File metadata and controls

37 lines (19 loc) · 4.53 KB

Battling

Here, "Battling" is defined as everything that comes after both trainers have sent out their first Pokemon. This excludes team building, and it also excludes the team selection process in versions of the game that have team reveal. Technical Machine currently does not support anything special from team reveal.

Overview

Technical Machine assigns a probability to each of the opponent's possible selections, evaluates the expected score of each of its own selections, and then makes selection that performs best against that distribution, on average. How long it spends on this is determined by two search depth parameters. This is an extension of a minimax search algorithm to let it work in a simultaneous move game.

Action Prediction

See Action Prediction.

Searching the game state

After generating the estimated probability distribution of the foe's selections, Technical Machine tries to determine the expected value of each of its own selections. It does this with a series of searches.

The first search looks at every possible game state that results from each combination of actions up to some number of turns in the future. The number of turns to look ahead is specified by a constant depth parameter.

After Technical Machine has looked that number of turns ahead, it begins its second layer of searching. For this, it considers every 1v1 match-up of remaining Pokemon on each team. If the Pokemon is not currently out, it is assumed to switch in without the opponent acting or any end-of-turn effects advancing. Then for each 1v1 match-up, the original search algorithm repeats (predict foe selections, evaluate position for each of Technical Machine's selections) up to some number of turns in the future. For each of those terminal states, Technical Machine evaluates the score of the game state using a traditional evaluation function. If one side has more Pokemon remaining than the other side, the side with more Pokemon is assumed to have a match-up against a Pokemon it beats 100% of the time for purposes of scoring to account for this advantage.

Evaluation

The actual evaluation function is quite simple. The only factors it considers are remaining HP%, whether the Pokemon has been revealed, and entry hazards. Each of these values are given a weight. The existing weights were picked arbitrarily and then tuned once to make Stealth Rock less valuable, but otherwise have remained the same since Technical Machine's inception.

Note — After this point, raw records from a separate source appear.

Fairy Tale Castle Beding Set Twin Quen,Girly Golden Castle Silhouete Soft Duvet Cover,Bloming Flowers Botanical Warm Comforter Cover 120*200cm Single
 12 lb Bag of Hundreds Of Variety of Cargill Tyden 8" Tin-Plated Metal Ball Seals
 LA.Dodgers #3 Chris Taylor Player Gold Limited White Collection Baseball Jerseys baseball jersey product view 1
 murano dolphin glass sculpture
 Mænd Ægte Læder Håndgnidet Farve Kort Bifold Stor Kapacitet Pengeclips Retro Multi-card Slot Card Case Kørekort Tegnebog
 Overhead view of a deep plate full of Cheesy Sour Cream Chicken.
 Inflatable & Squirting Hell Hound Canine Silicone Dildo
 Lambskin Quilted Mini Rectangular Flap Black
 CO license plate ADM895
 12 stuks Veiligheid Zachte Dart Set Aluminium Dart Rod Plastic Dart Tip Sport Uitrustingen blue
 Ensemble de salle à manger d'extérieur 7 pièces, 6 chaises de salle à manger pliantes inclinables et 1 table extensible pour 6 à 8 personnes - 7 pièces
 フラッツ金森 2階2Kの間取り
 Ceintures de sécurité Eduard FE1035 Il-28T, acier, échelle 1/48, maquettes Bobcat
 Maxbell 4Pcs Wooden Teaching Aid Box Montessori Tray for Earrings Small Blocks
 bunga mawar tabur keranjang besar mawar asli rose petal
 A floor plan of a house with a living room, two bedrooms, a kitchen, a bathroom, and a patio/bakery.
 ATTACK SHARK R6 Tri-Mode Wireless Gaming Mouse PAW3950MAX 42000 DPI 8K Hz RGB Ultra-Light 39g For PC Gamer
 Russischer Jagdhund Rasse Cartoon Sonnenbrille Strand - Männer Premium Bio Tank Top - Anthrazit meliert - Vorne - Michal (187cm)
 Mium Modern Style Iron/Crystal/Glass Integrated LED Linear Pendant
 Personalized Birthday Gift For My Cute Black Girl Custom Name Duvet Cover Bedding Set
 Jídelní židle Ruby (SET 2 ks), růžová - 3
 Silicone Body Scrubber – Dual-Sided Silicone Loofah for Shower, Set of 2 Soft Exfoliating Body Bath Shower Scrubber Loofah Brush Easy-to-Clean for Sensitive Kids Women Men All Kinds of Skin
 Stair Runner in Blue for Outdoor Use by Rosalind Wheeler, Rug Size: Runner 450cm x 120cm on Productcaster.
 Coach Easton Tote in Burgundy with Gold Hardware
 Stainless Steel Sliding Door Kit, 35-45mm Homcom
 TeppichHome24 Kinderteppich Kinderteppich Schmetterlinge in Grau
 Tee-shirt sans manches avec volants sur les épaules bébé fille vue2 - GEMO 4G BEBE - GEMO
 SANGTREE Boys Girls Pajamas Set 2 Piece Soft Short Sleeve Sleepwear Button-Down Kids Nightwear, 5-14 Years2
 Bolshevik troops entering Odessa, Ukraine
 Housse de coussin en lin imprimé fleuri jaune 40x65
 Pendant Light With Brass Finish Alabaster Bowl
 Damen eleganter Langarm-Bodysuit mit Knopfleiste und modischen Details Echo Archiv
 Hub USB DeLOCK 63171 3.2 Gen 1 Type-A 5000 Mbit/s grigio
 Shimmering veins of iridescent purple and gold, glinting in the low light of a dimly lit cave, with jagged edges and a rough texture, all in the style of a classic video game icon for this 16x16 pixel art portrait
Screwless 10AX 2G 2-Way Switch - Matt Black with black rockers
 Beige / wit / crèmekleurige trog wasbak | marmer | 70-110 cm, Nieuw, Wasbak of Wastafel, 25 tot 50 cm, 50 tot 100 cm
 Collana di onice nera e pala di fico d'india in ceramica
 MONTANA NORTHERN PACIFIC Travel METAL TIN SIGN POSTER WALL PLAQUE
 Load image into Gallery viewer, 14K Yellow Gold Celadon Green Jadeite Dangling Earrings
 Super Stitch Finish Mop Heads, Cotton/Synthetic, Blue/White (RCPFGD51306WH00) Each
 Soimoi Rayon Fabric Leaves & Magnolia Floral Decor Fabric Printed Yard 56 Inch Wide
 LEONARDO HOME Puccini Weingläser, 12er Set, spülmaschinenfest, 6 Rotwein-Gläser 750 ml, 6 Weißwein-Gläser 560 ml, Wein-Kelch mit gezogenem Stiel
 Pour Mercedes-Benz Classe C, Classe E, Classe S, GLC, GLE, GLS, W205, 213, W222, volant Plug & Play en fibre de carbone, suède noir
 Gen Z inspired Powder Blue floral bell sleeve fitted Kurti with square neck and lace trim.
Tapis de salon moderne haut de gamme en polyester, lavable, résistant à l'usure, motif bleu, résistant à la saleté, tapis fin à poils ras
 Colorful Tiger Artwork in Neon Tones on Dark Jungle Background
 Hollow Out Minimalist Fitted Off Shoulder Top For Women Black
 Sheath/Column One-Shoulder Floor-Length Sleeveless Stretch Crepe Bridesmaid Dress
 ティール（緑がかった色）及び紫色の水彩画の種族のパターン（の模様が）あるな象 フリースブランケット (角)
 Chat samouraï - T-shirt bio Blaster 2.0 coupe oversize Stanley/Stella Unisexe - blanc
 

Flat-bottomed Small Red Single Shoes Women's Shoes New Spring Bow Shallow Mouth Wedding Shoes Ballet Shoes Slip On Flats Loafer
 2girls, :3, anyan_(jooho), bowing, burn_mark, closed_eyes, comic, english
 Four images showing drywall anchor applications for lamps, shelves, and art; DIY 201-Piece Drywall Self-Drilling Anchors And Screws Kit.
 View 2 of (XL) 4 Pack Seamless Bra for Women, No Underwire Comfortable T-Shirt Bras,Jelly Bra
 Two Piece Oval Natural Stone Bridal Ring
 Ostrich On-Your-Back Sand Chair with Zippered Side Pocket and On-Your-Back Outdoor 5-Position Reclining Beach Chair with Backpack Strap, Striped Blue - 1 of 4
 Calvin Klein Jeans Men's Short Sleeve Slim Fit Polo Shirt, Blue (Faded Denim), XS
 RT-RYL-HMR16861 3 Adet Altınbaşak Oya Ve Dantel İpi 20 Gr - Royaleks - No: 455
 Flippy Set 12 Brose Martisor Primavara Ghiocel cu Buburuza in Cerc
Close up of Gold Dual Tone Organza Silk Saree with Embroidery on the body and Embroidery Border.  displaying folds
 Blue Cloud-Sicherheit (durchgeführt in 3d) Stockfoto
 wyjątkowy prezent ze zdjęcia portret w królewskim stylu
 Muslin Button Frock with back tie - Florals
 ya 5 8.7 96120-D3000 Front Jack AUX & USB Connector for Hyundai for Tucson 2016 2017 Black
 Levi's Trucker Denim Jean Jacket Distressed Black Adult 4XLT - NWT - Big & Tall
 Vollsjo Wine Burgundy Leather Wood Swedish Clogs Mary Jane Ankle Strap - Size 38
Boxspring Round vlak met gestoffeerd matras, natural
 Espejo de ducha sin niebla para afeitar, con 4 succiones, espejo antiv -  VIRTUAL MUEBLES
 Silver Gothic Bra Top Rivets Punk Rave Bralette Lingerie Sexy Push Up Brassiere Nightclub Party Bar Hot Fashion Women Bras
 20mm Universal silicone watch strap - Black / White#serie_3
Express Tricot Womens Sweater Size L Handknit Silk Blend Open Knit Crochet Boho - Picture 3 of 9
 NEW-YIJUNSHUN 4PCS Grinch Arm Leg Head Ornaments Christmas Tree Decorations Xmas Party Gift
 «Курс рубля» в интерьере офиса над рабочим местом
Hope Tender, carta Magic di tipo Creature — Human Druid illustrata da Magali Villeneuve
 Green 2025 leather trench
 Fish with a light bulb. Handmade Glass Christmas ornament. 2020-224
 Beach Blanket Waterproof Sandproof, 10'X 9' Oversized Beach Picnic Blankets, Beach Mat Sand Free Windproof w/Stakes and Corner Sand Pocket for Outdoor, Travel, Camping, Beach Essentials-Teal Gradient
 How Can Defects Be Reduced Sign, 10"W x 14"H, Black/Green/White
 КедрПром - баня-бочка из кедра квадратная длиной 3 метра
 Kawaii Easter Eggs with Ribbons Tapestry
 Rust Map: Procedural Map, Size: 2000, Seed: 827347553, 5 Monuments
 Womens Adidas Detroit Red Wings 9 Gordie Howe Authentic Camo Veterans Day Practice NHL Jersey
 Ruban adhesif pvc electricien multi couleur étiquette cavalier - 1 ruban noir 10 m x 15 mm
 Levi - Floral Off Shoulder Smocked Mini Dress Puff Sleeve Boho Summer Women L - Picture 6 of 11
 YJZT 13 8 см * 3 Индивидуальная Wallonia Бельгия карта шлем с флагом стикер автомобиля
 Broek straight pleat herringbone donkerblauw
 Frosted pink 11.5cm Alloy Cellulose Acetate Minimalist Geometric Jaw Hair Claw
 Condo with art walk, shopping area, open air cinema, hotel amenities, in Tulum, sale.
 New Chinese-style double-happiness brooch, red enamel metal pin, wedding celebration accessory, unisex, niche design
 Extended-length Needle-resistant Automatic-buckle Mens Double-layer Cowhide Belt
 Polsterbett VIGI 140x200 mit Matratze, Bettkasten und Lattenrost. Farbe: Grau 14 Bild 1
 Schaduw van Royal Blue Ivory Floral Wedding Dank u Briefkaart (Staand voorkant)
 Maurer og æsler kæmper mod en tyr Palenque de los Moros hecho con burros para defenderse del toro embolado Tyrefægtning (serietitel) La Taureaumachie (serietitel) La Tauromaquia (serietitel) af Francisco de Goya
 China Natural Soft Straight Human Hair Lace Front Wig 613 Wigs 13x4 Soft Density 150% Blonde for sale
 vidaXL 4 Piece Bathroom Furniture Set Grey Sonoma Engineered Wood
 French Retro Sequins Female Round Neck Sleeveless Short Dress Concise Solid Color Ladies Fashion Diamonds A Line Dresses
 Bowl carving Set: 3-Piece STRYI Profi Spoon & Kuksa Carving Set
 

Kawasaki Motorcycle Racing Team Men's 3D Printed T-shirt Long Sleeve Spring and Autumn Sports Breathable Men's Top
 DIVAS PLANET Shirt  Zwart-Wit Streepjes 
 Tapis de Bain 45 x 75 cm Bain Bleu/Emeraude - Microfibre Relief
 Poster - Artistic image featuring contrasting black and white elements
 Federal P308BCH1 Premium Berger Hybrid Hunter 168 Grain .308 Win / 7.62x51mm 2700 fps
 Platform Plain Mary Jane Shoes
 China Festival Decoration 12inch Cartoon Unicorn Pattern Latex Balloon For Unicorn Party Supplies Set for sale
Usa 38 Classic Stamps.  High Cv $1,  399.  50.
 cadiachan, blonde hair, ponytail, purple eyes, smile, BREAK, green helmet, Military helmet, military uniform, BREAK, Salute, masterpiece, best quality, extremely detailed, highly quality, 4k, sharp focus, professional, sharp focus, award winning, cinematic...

The evaluation function used to account for many more factors (things like stat boosts, Reflect, status, etc). However, removing those factors from consideration speeds up evaluation and can be accounted for more organically by just searching to a greater depth.

In the future, rather than giving a Pokemon a score bonus for not being revealed, one possible avenue is to give a bonus for maximizing the error on team prediction. In other words, hiding that you have a Snorlax in Generation 2 is worth very little because the other player already assumes that, but hiding whether it has Belly Drum or Curse might be worth a lot more.

Long-Term Thinking

Also referred to as strategy, long-term thinking is being able to realize that if I could take out Blissey, Calm Mind Raikou can sweep their team easily, therefore I can sacrifice anything on my team (other than Raikou) to take out Blissey and win. Long-term thinking is the ability to accept any short-term loss of material for a powerful enough positional gain. Forms of AI that attempt to search large portions of the game are bad at this, because there simply isn't enough time to search deep enough to find these positional advantages.

The purpose of that second-level evaluation function that considers all the 1v1 matchups is my attempt at solving this problem. It teaches Technical Machine to value Pokemon that can break through many Pokemon on the foe's team, and to not value Pokemon that lose to the Pokemon on the foe's team.

Transposition Table

A problem with the search algorithm I use is that it can evaluate the same position many times if it is possible to arrive at the same position through different means. This is known as a "transposition" in chess. Technical Machine has a transposition table to help solve this problem. TM creates a hash for each team and the battle field. It then uses this hash to index into a hash table that stores the score at that state and the depth. If the depth saved is at least as deep as the depth of the current search, TM can use the saved value instead of computing it again.